Charter school operator in Louisiana, United States

KIPP New Orleans Schools (KNOS) is the division of KIPP Schools active in the New Orleans metropolitan area.

By 2016 it became the charter school operator with the largest number of schools in New Orleans. Greg Larose of The Times Picayune wrote that KIPP New Orleans is "in many ways the symbol of the revolution", referring to the educational reforms in New Orleans that occurred post-Hurricane Katrina (2005). In 2019 Della Haselle of the same publication described KIPP New Orleans as "one of the city's oldest and biggest charter school operators".

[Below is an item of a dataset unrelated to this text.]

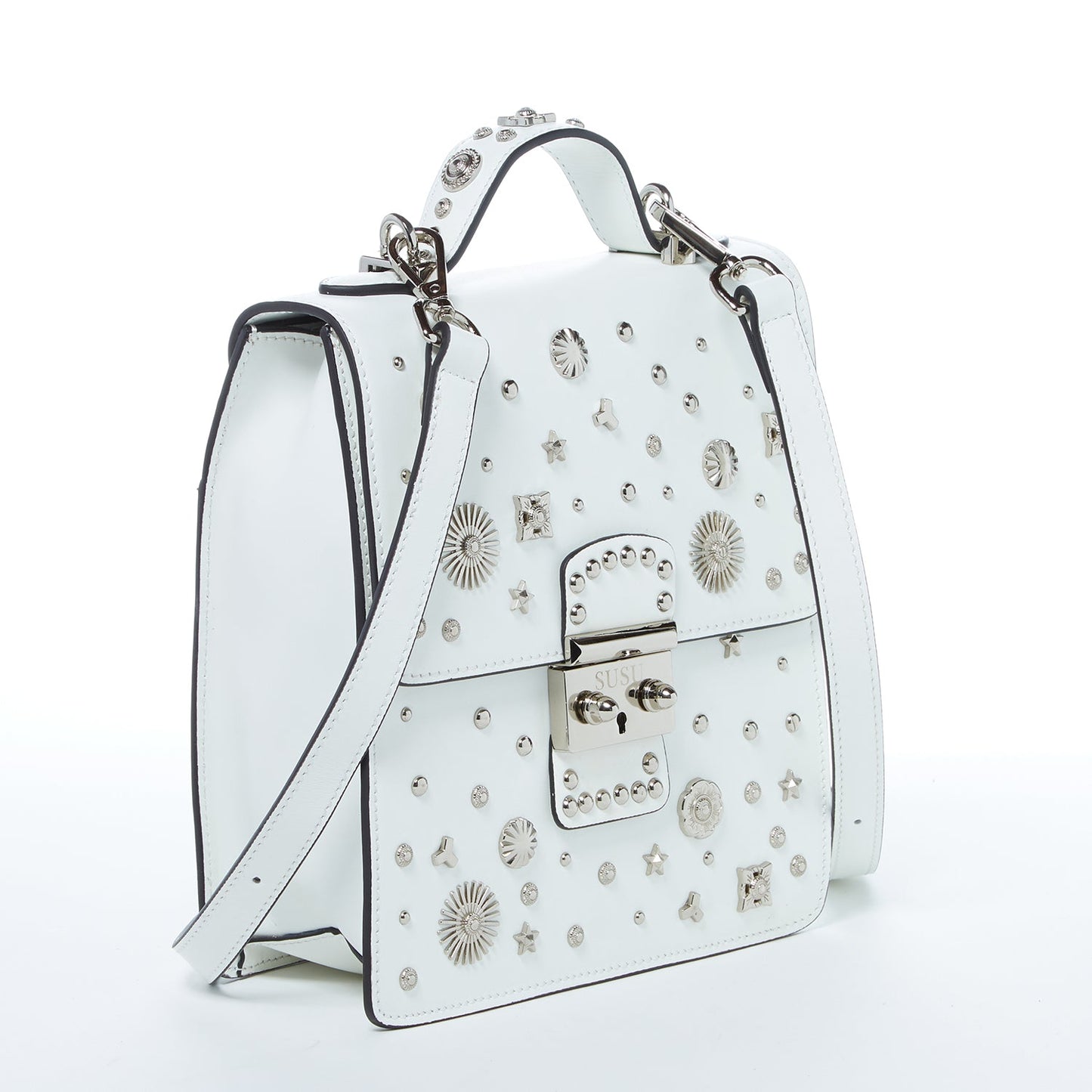 Women's White Leather Convertible Backpack - SUSU Hollywood 3-in-1 Crossbody Purse - Diazza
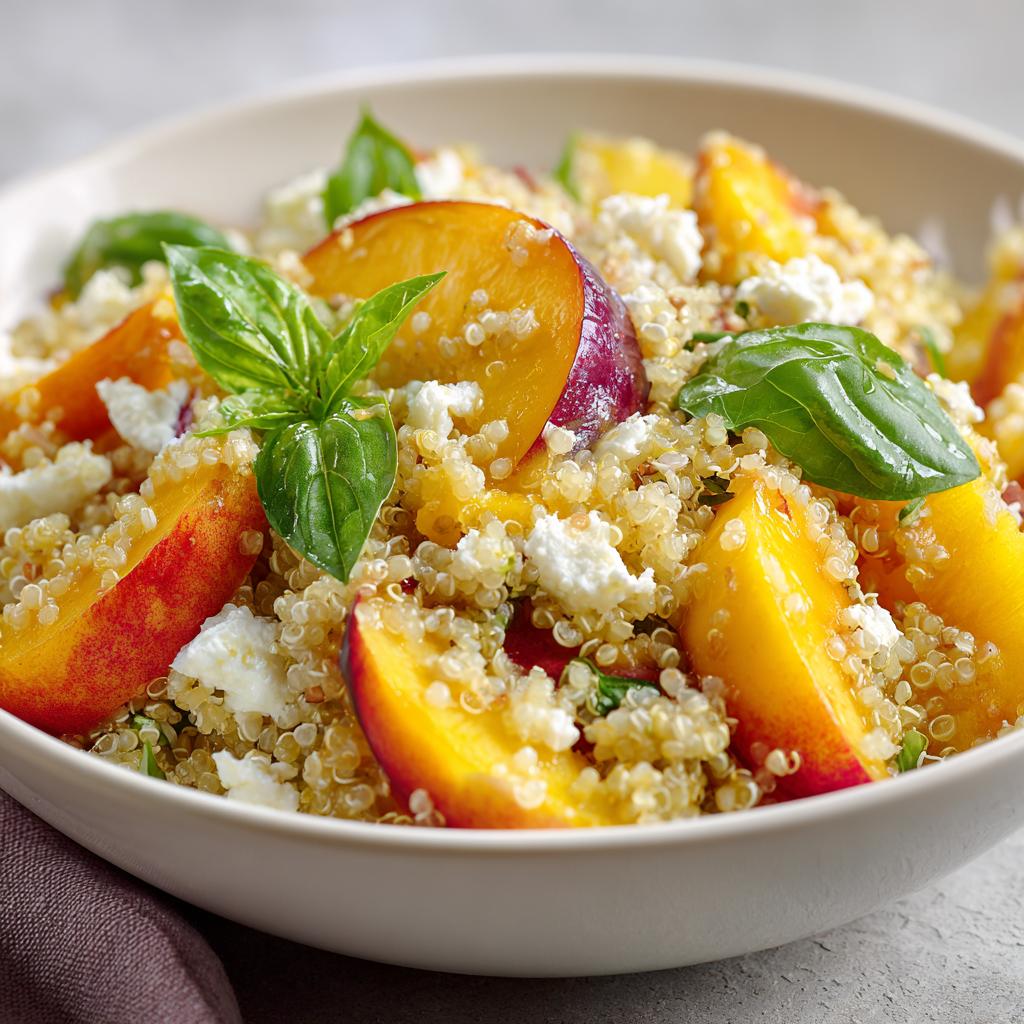 Salade de Quinoa, Pêches, Basilic et Feta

In 2015 New Orleans established KIPP Through College, a program for students who attended KIPP schools.

==Student performance==
As of 2016, 61% of the newly graduated students of KIPP New Orleans went on to attend tertiary educational institutions or enter the United States Armed Forces.

==Schools==
- High schools
- Frederick A. Douglass High School
- John F. Kennedy High School (effective fall 2020)
- Booker T. Washington High School

- K-8
- KIPP Believe - Formed in 2019 by the merger of KIPP Believe Primary (KBP) and KIPP Believe College Prep (KBCP). It occupies a 42-classroom, 88000 sqft building near Gentilly with a capacity of 756 students; it was built for $23.5 million. In 2018 it had 680 students.
  - KIPP Believe was scheduled to go into the Benjamin Banneker Elementary School building in 2014. In 2015 bats were discovered in the Banneker building, so KIPP Believe temporarily moved to the former Our Lady of the Rosary School. KIPP Believe College Prep was to be at the Dunbar School for a period before moving to the McNair School.
- KIPP Leadership - Includes KIPP Leadership Primary and KIPP Leadership Academy.
- KIPP Morial - Includes KIPP Morial Primary and KIPP Morial Middle.

- 5-8
- KIPP Central City Academy - Established in 2007.

- PreK-5
- KIPP Central City Primary - Established in 2008.
- KIPP East - New Orleans East - Opened in 2015.